About this exercise => Every picture should be left out, but the lines below must be repeated exactly.

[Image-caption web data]
..............................

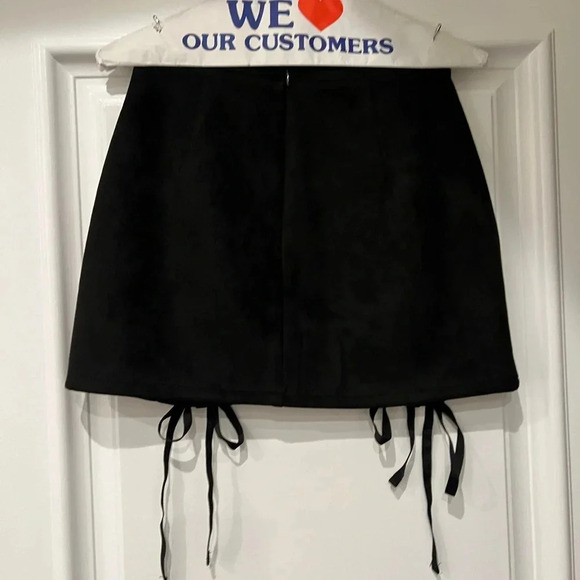 Honey Punch suede like skirt with lace up detail - Picture 2 of 3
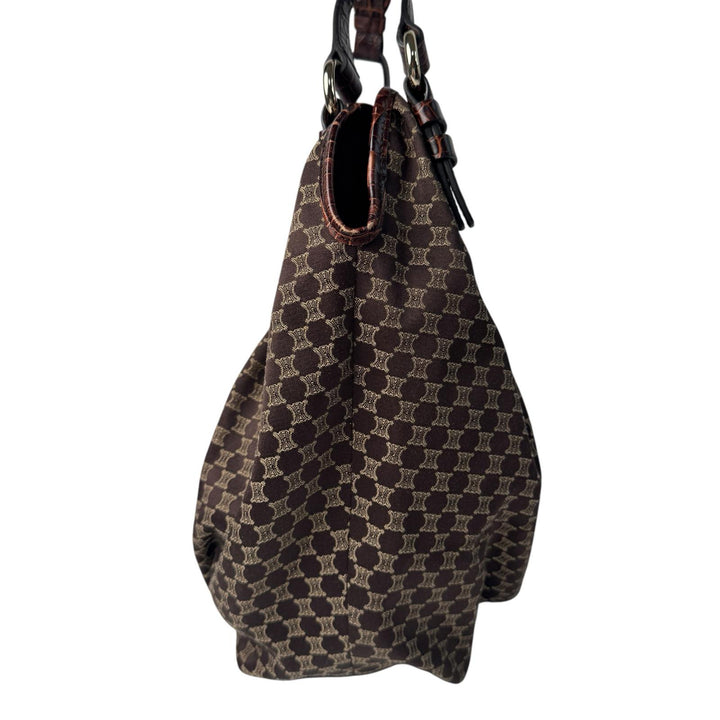 美品 セリーヌ CELINE マカダム ワンショルダー ハンドバッグ キャンバス×レザー レディース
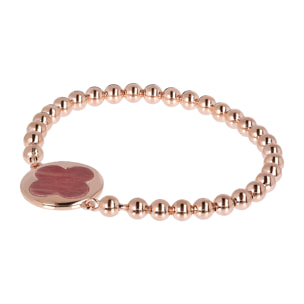 Bracciale a Sfere Golden con Ciondolo Quadrifoglio in Quarzite Rossa Placcato Oro Rosa 18kt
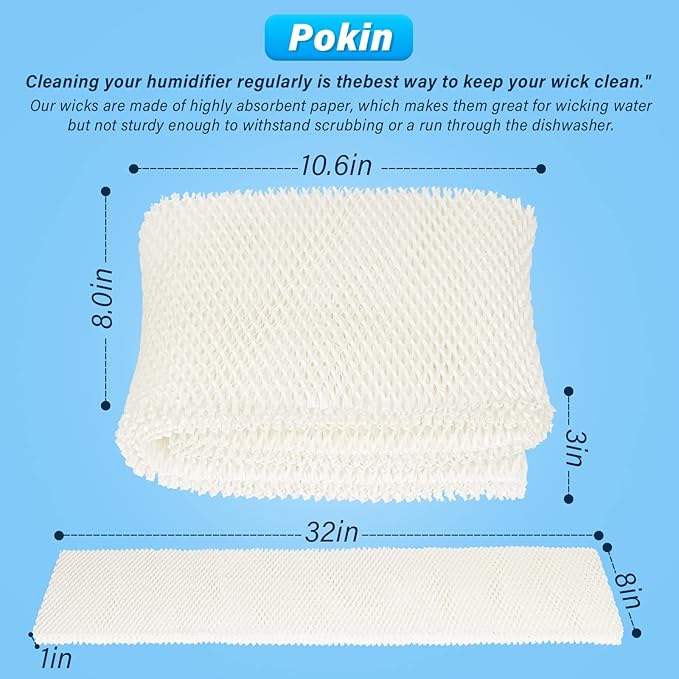 MAF1 Humidifier Wicking Filters for AIRCARE/MoistAIR/Kenmore/Essick Air, Fits Air-Care Emerson Moistair Humidifier Replacement Wicks MA1200 MA1201 MA0950 MA09500,14906 32-14906 42-14906 EF1-2 Pack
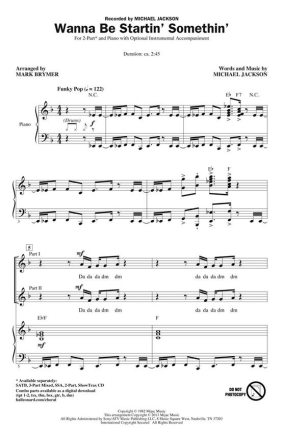 Wanna Be Startin' Somethin' 2-Part Choir and Piano Chorpartitur
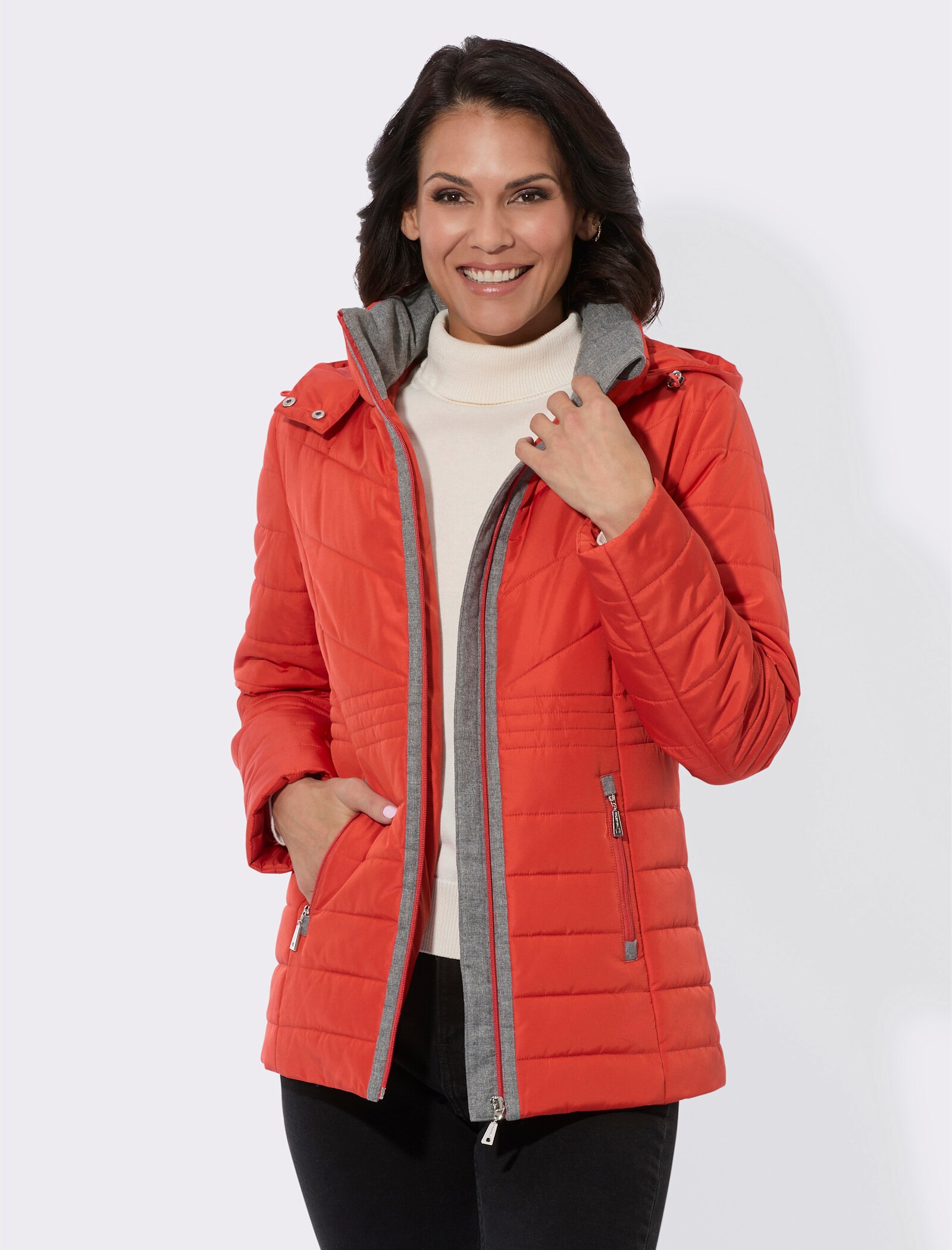 Steppjacke mit Flanell-Details - terra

..............................

Written answer =>
 Honey Punch suede like skirt with lace up detail - Picture 2 of 3
 美品 セリーヌ CELINE マカダム ワンショルダー ハンドバッグ キャンバス×レザー レディース
 Bracciale a Sfere Golden con Ciondolo Quadrifoglio in Quarzite Rossa Placcato Oro Rosa 18kt
 MAF1 Humidifier Wicking Filters for AIRCARE/MoistAIR/Kenmore/Essick Air, Fits Air-Care Emerson Moistair Humidifier Replacement Wicks MA1200 MA1201 MA0950 MA09500,14906 32-14906 42-14906 EF1-2 Pack
 Wanna Be Startin' Somethin' 2-Part Choir and Piano Chorpartitur
 Steppjacke mit Flanell-Details - terra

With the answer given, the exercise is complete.